By periodicity the values of the function $ f(z)$ are same in any period parallelogram and therefore its values are completely determined by the values it takes in any given period parallelogram. Moreover it should also be noted that it is really not necessary to keep the periods as the vertices of the parallelogram. Any four points of type $$ c, c + \omega_{1}, c + \omega_{1} + \omega_{2}, c + \omega_{2}$$ will make a parallelogram and the values of the function in this parallelogram will determines its values in the entire complex plane.

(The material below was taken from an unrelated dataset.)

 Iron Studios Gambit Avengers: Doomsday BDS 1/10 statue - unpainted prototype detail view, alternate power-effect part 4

In general since the elliptic functions have poles at isolated points in the complex plane, it is possible to find a period parallelogram such that the the function has no poles on the the boundary of the parallelogram. Thus let $ P_{a}$ be the parallelogram with vertices $$ a, a + \omega_{1}, a + \omega_{1} + \omega_{2}, a + \omega_{2}$$ such that there are no poles of the elliptic function $ f(z)$ (here by $ f(z)$ we will mean $ \text{sn}(z), \text{cn}(z)$ etc, although the results which we establish here are valid for any doubly periodic function) on the boundary $ \partial P_{a}$ of the parallelogram $ P_{a}$.
We can now see that the doubly periodic function must possess poles in the parallelogram $ P_{a}$. For if it were not so then $ f(z)$ would be bounded in $ P_{a}$ and hence bounded in the whole complex plane (by periodicity the values in $ P_{a}$ are repeated all over the complex plane). By Liouville's theorem this is not possible unless $ f(z)$ is constant. Hence it follows that:
Liouville's Theorem: There does not exist a non constant doubly periodic entire function.

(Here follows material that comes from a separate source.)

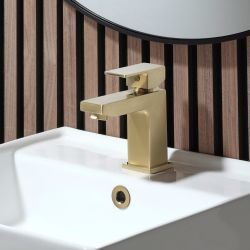 Grifo Mezclador Moderno Monoforo para Lavabo  - Oro Satinado - Lyra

It is this theorem which Liouville had actually proved but historically the statement "an entire function cannot be bounded unless it is a constant" is referred to as the Liouville's theorem.
Another result which is a direct consequence of the double periodicity is the following:
The sum of residues of a doubly periodic function in a period parallelogram is zero.
To establish this we only need to observe that the sum of residues of the functions $ f(z)$ in a period parallelogram $ P_{a}$ is given by the integral $$\frac{1}{2\pi i}\int_{\partial P_{a}}f(z)\,dz$$ By double periodicity the integrals over the opposites sides of the parallelogram cancel each other and thereby the integral over the whole parallelogram is zero.
The above result implies that we can not have a doubly periodic function with arbitrary number and nature of poles. For example a doubly periodic function can't have only one simple pole in a period parallelogram. In general a doubly periodic function is completely determined by its periods and location and nature of its poles in the period parallelogram.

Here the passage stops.